▶ **YOUR ASSIGNMENT**
For each entry below, please return its exact wording and leave out any picture.

(Records from a data collection)
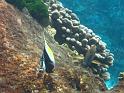 Similan (82)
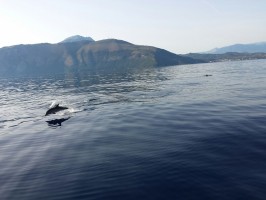 Spettacolare avvistamento di delfini a Scario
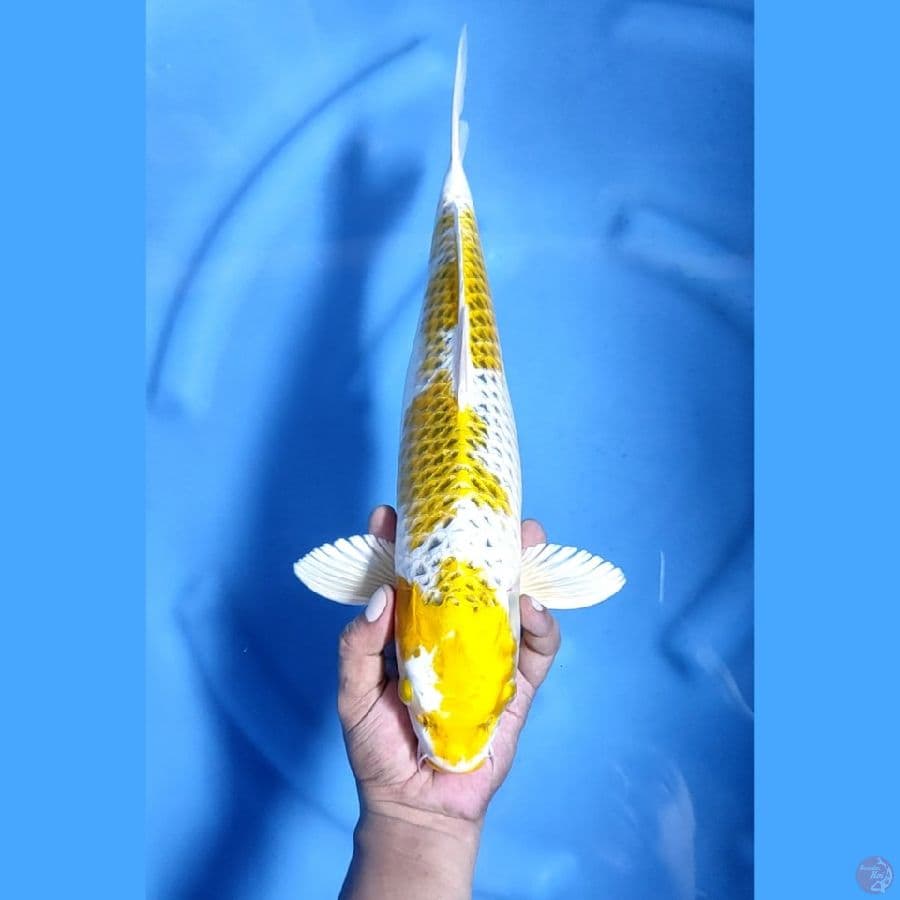 42CM # KI KUJAKU ISTIMEWA - M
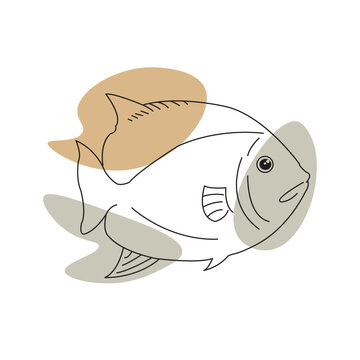 recommend clip art: Fish line art vector drawing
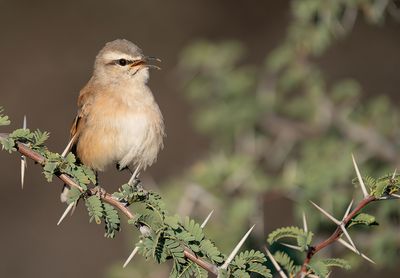 Kalahari scrub robin / Kalahariwaaierstaart 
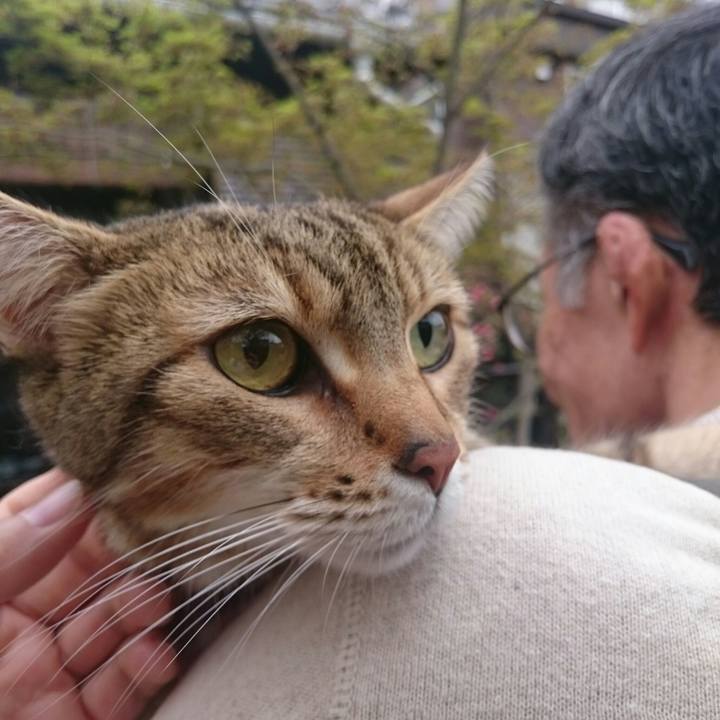 Ba7f4848 cc29 42b5 bbfb 1cf800edd85b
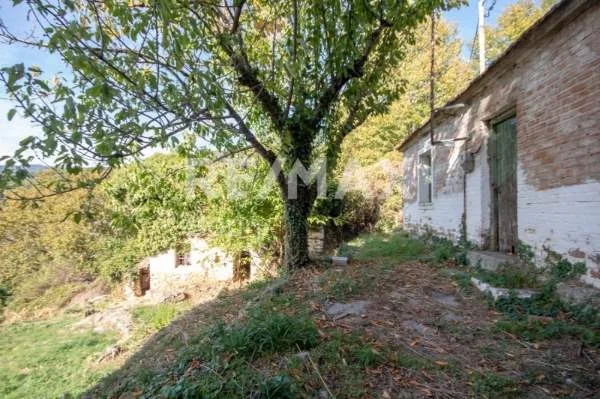 Μονοκατοικία 40τ.μ.  - 3
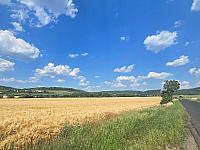 Lužice u Mostu 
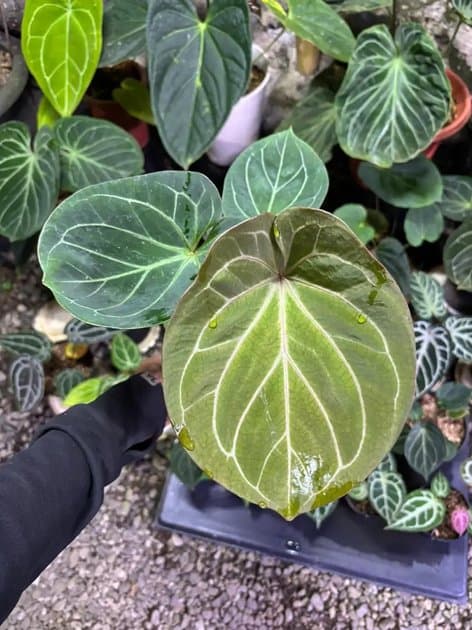 Anthurium King' Of Spades — Anthuriums for sale on Inflos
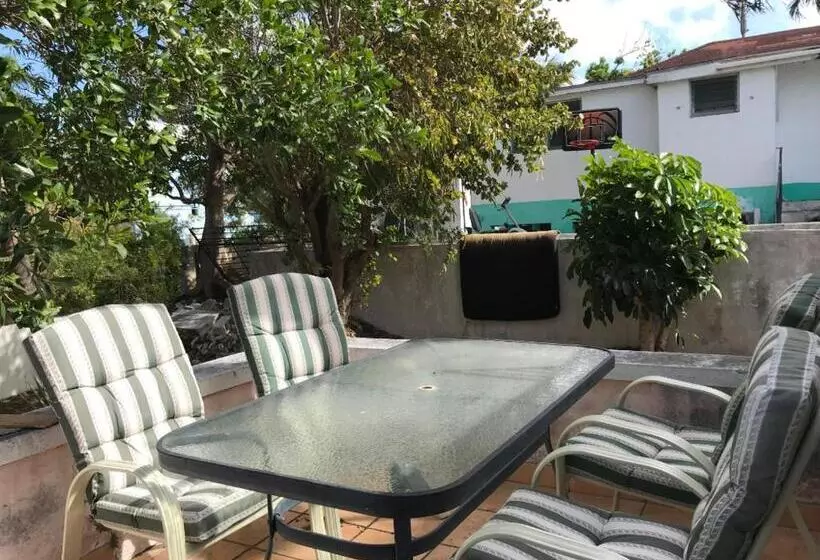 هاستل Hillcrest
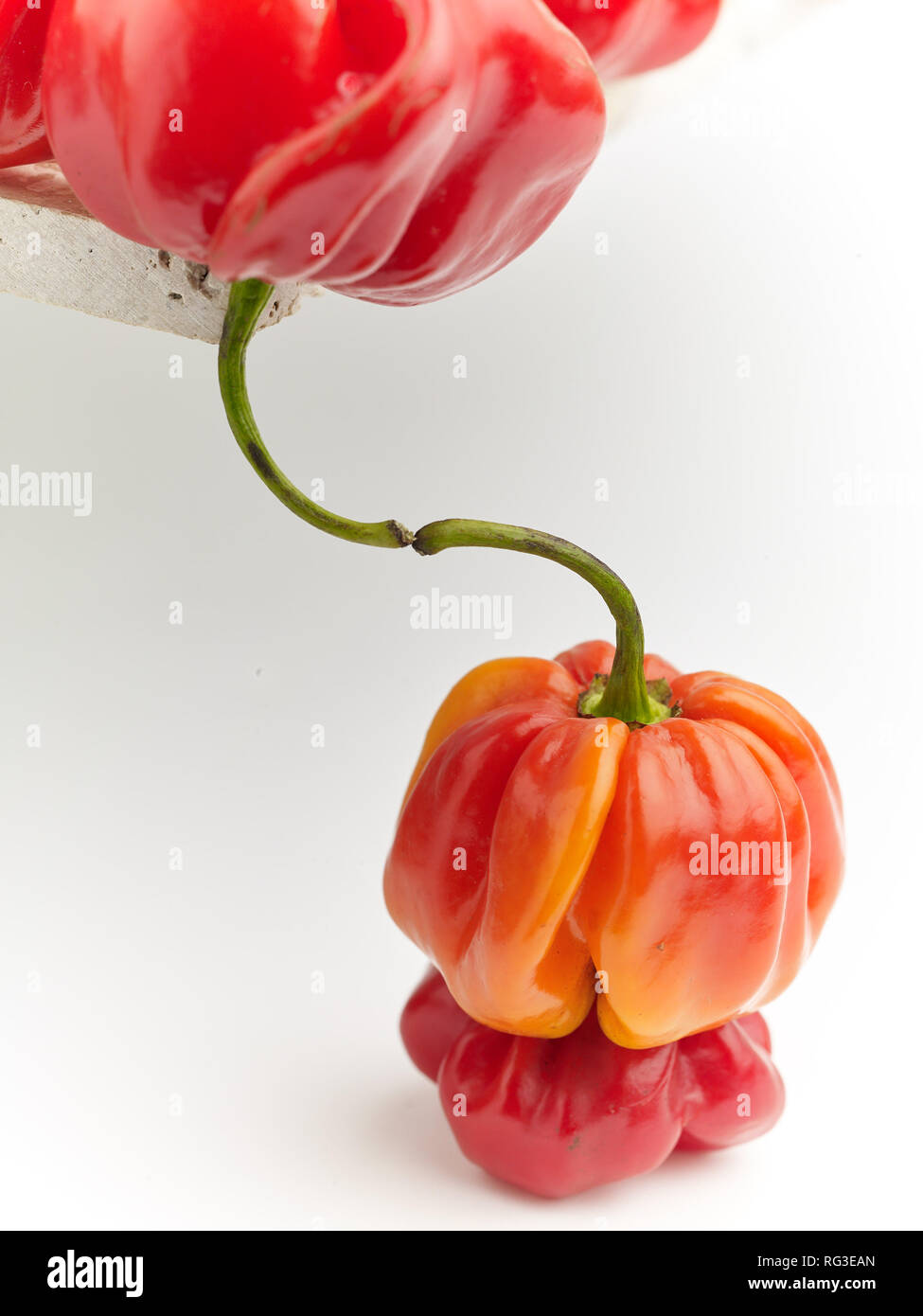 Scotch Bonnet pepe e chiazze di superficie in marmo contro la luce dello sfondo. Fotografia di cibo Foto Stock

▶ **ANSWER FOR THIS EXERCISE**
 Similan (82)
 Spettacolare avvistamento di delfini a Scario
 42CM # KI KUJAKU ISTIMEWA - M
 recommend clip art: Fish line art vector drawing
 Kalahari scrub robin / Kalahariwaaierstaart 
 Ba7f4848 cc29 42b5 bbfb 1cf800edd85b
 Μονοκατοικία 40τ.μ.  - 3
 Lužice u Mostu 
 Anthurium King' Of Spades — Anthuriums for sale on Inflos
 هاستل Hillcrest
 Scotch Bonnet pepe e chiazze di superficie in marmo contro la luce dello sfondo. Fotografia di cibo Foto Stock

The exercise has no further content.